I usually avoid talking about politics because I hate the way it brings out the claws, fangs and venom that people normally keep to themselves. Personally, I think it’s a waste of energy to get worried or upset about things over which you have no control. Do your duty, vote, but don’t waste a good emotion like hatred on other people’s opinions. I mean, if you used that same energy to do good works, the world would be a better place.

Which brings me to the really important issue–our house. Yes, politics affects us all, and we need to be responsible, but I’m not going to spend time tweeting on election night when the kitchen smells like birthday cake and I have presents to wrap.

My darling Libby turned 9, and there’s not a politician on earth who can steal her thunder on this day. Her voice quavered this morning, as she said ‘thank you,’ merely upon the sight of her few presents and cake.

We are downsizing here, and so I was concerned that what she did receive wouldn’t be ‘enough;’ basically that it wouldn’t be up to the standards of birthdays past. But I should’ve known better. A birthday is special because of the love that goes into it, not because of the gifts.

Libby proved this today.

Libby is the self-proclaimed “Mama-whisperer,” because she has a knack for making me feel better when I’m out of whack. The kids send her in, like a diplomat or a bomb expert, when they sense (usually from the pitch in my voice) that I’m getting ready to explode.

No kid is perfect, but my kids are each pretty great in their own unique ways. They drive me crazy at times (like William challenging me to write a novel this month, which I naturally accepted), but I can’t imagine my world without them. They keep me motivated, keep me grounded, and keep me focused on the things that are really important in life, which, and I’m sorry if this offends you, does not include politics.

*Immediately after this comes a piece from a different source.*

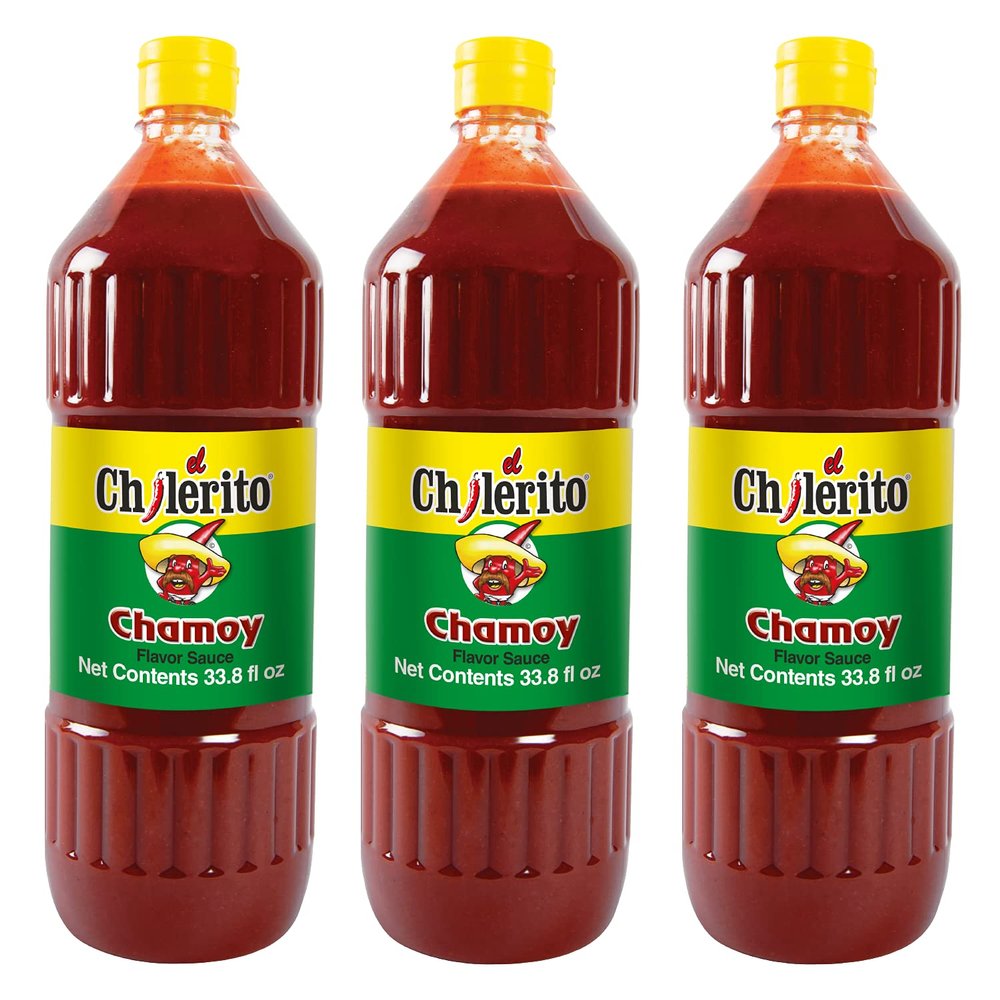 (3 Pack) EL CHILERITO Salsa Sabor Chamoy 1L/ 33.8 Fl. Oz - Mexican Flavor - For Sharing with Friends and Family - Mexican Chile- Kosher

I am all about helping the poor, and I feel strongly that everyone should have easy access to affordable and competent medical care. I also feel that our political system in America is off. Why are there only two parties when in other countries there are many? I mean, this election yesterday was a race between two Harvard Law School grads–since when does the general public trust lawyers?

I have a lot of friends, and many of them would be on opposite sides of any given rally.

And here is what I, standing somewhere in the middle, would say to you: use your energy, your emotion, your resources to cultivate love and compassion in your own homes first, and then use it to reach out to those less fortunate.

Don’t worry about what the government does or does not do, but start with peace in your own home.

Pray for our leaders that they will make wise choices, and don’t speculate about what “might happen,” because you soon find yourself wasting the precious here and now worrying about the future.

And with all sincerity, define in your own mind what you think is “best” for America. If your definition of “best” includes a yacht while the widow next door can’t afford medical insurance, something is wrong. If your definition of “best” means you can buy more gadgets than your neighbors, then please, rethink your life. There are greater rewards than posting shallow phrases, which do not often represent your real life, via iThingies.

‘Friend’ real people, if possible, and if you live thousands of miles away (like some of us) use technology to bring you closer to people, not to alienate them.

We sponsor four children in Kenya, and their letters sometimes break my heart because of their love and sincerity. There is a teacher strike, currently, in Kenya, so these kids, whose prospects are already limited, are outright handicapped by this strike. How can I worry about what this or that candidate might do when Magdalene, who worked so hard to move from 26th to first in her class, no longer has a teacher? 

My hope was never, and I pray WILL never be in a politician.

God appoints the rulers of this world, and there is good reason for it. Trust in that.

Because if your trust is in any single person, you will be disappointed.

That is my rant–and that is as political as I get.

For now, I have a pink, sparkly cake to nibble and a birthday girl to hug.